I have been increasingly worried about quality in Microsoft, dating back to the days when Microsoft CEO Satya Nadella was only responsible for the cloud and server business. 2018 has been a bad year for quality. Software bugs have affected cloud services and on-premises products. Bugs in an update broke Azure AD Multi-Factor Authentication for 14 hours! Windows Server 2019 and Windows 10 1809 were released and withdrawn by Microsoft – the absence of media lasted for 6 hours.
The lack of a separate testing process inside of Microsoft has hurt quality. A programmer should never test their own code – you learned that lesson in college, one way or another, if you studied programming. The worst person to find bugs is the person that wrote the code because they have expectations on how their precious creation will be used. Even with the testing offered by the Insiders’ programs, Microsoft has not been able to filter through the “theme nonsense” to find the bug reports, such as the data loss issues that hurt Windows 10 1809.
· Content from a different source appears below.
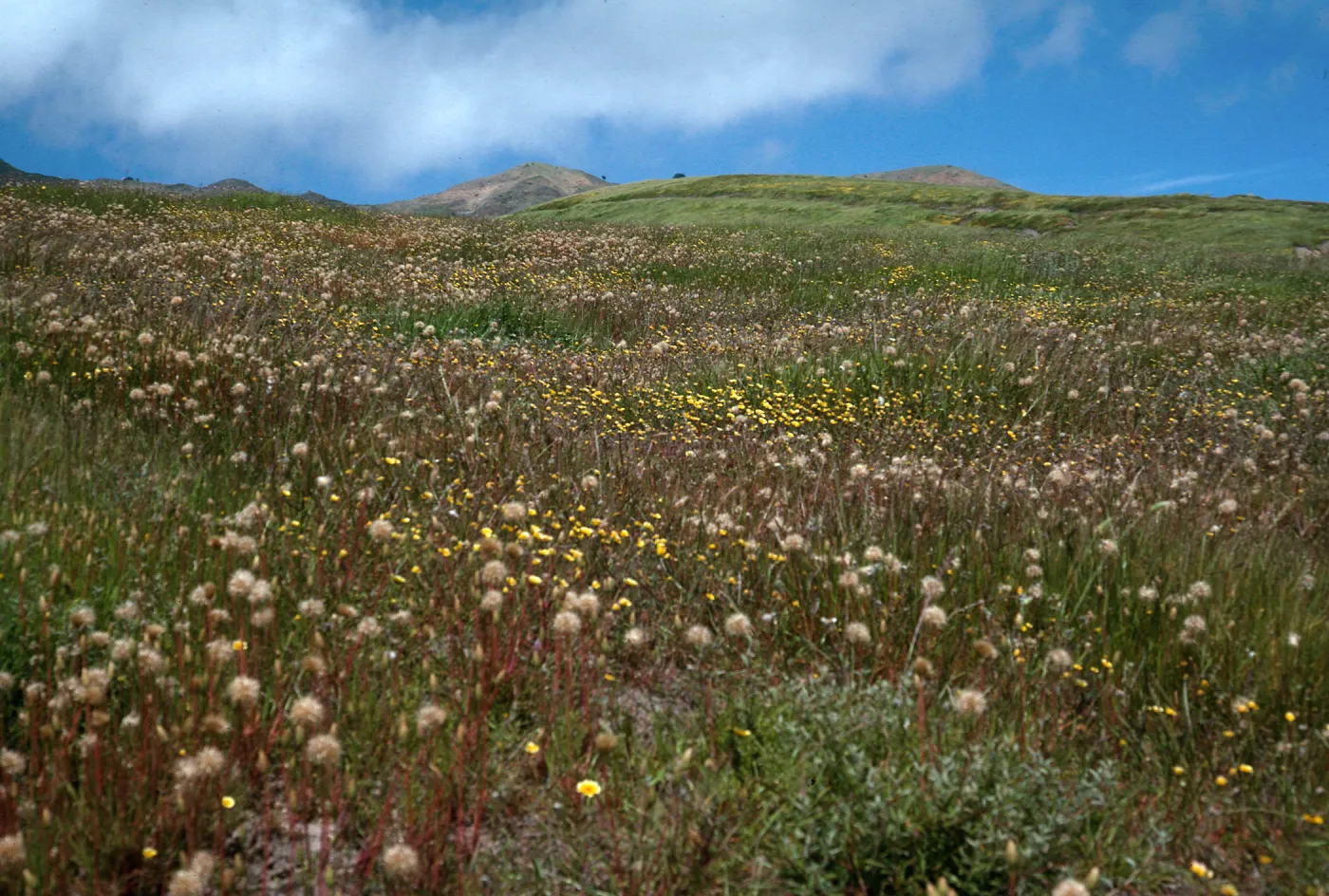 Microseris heterocarpa, Layia (tidy tips) , East end of Fraser Point Road, Santa Cruz Island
Microsoft has told us that the problems are fixed. We have been hearing that every 6 months for at least 6 years. The problems will continue into 2019. Outages and bugs will continue but they will be more damaging to everyone involved. Cloud outages will deter migrations of SQL Server 2008/R2 and Windows Server 2008/R2 which are going end of life over the next 13 months – Microsoft is offering 3 years of security fixes at no extra cost if these workloads are migrated to Azure. Windows 10 adoption will be slowed if 19H1 (1903) is hurt by more bugs, even if businesses will likely deploy the more stable (by then) 1809 release because of its longer support cycle for business customers.
A Year of Migrations
This isn’t a prediction; it’s a guarantee. 2019 is going to be a very busy year. Windows 7 is still the dominant PC OS in the business – 41.41% of PCs are running this old desktop OS. Windows Server 2008/R2 is the installed version of half of all Windows Server installations, according to Microsoft. Both are going end of life on January 14th 2020. SQL Server 2008/R2 is end of life in mid-2019. Customers will start/continue to migrate to Azure/Office 365 and other cloud services during this year. If you have current skills, you are going to be in demand. Don’t be the person buying consulting skills; be the person selling your skills!